**YOUR TASK**.
Repeat exactly, and only, the lines below starting at the line that contains "Bowdoin St. Boston photo 37" and ending at the line that contains "Prázdninový dům In Tjodalyng With Kitchen *", inclusive of both.

Records contained in a dataset
————————
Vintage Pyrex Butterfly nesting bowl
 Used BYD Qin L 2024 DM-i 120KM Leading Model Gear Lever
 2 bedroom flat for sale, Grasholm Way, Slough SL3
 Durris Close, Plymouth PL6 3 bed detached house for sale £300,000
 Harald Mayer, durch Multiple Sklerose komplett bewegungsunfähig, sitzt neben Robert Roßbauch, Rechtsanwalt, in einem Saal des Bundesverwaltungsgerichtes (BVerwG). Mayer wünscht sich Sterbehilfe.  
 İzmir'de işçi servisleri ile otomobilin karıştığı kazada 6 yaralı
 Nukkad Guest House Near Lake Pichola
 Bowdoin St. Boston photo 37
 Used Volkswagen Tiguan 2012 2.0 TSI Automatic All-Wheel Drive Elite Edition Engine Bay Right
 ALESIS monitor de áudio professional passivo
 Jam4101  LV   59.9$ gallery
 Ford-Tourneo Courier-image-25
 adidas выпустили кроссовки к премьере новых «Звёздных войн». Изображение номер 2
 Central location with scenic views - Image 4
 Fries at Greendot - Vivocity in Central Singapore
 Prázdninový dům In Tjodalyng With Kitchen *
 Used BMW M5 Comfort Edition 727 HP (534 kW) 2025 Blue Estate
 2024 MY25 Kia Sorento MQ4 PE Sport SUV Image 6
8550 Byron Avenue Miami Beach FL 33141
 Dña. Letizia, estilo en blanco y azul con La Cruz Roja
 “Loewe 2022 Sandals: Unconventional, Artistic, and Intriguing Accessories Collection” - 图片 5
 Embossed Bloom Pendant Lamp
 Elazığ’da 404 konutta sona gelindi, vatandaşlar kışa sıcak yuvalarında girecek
————————
**REPLY**.
 Bowdoin St. Boston photo 37
 Used Volkswagen Tiguan 2012 2.0 TSI Automatic All-Wheel Drive Elite Edition Engine Bay Right
 ALESIS monitor de áudio professional passivo
 Jam4101  LV   59.9$ gallery
 Ford-Tourneo Courier-image-25
 adidas выпустили кроссовки к премьере новых «Звёздных войн». Изображение номер 2
 Central location with scenic views - Image 4
 Fries at Greendot - Vivocity in Central Singapore
 Prázdninový dům In Tjodalyng With Kitchen *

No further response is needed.